# Guest Post: Ordinals and Hydras, by Brian Lawrence

A few days ago, the hydra game came up in discussion with Brian Lawrence; we'd both run into a somewhat mystifying analysis of the game via ordinals.  Brian and I came up with a much more down-to-earth analysis (which experts will recognize as the same as the usual one); Brian decided to write it up, and I asked him if I could post his write-up here.

Guest post by Brian Lawrence:

I've read in a number of places about the Hydra game, which one plays by applying a certain type of move to a rooted tree.  The theorem (surprising at first) is that the Hydra game always terminates: there is no infinite sequence of legal moves.  The theorem is used in mathematical logic as an example of a result that can only be proven in a sufficiently strong proof system.  I'm not an expert in logic, so I won't say any more about that.  Instead, I'd like to give a straightforward proof of the Hydra theorem.

The game is based on the mythical Hydra, a many-headed monster.  In myth, every time you cut off one of the Hydra's heads, it would grow two more.

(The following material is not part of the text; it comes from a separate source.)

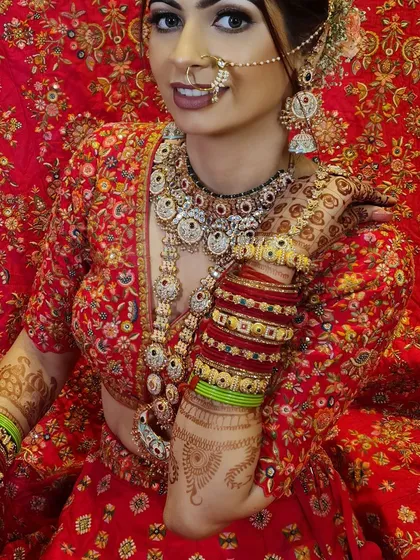 A beautiful portrait of my 'Sohni Bride', showcasing her complete look from the side.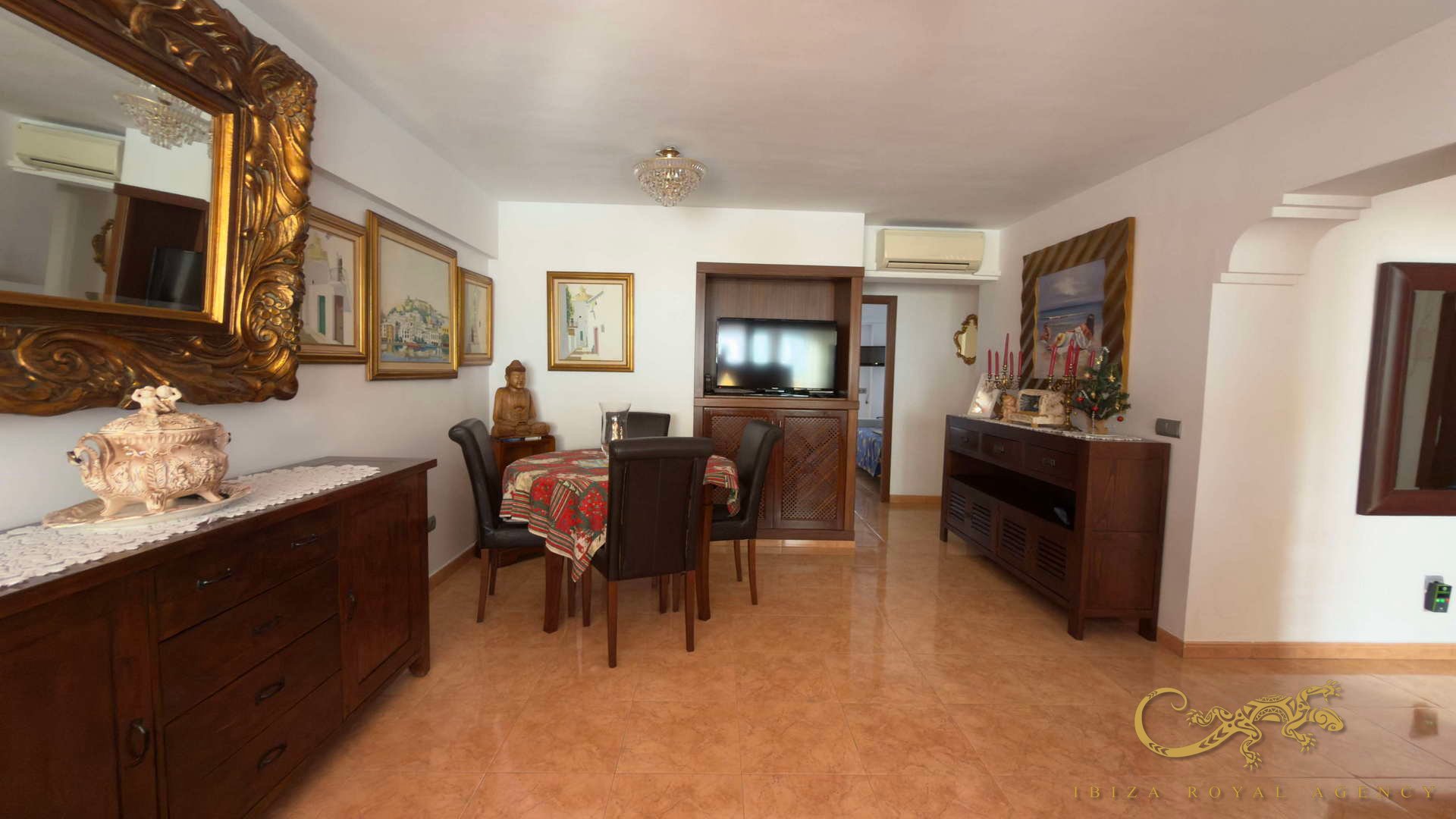 Huoneisto Ibiza town, Ibiza, Espanja 3 makuuhuonetta, 95 m2 No. 139391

Our Hydra is a (finite) rooted tree.  One performs a sequence of moves; each move is as follows.  Choose a leaf $x_0$ of the rooted tree, and remove it.  Then, let $x_1$ be the parent node of $x_0,$ and $x_2$ the parent node of $x_1$ (assuming it exists).  Let $S$ be the subtree consisting of $x_1$ and all its descendants, after $x_0$ has been removed.  When you remove $x_0,$ the Hydra chooses a $N > 0,$ and attaches $N$ new copies of $S$ as children of $x_2.$  If $x_0$ doesn't have a grandparent, the Hydra doesn't get to add anything to the tree.  (Note that the Hydra can choose a different $N$ at every step.)  The game ends when only a single vertex (the root) remains.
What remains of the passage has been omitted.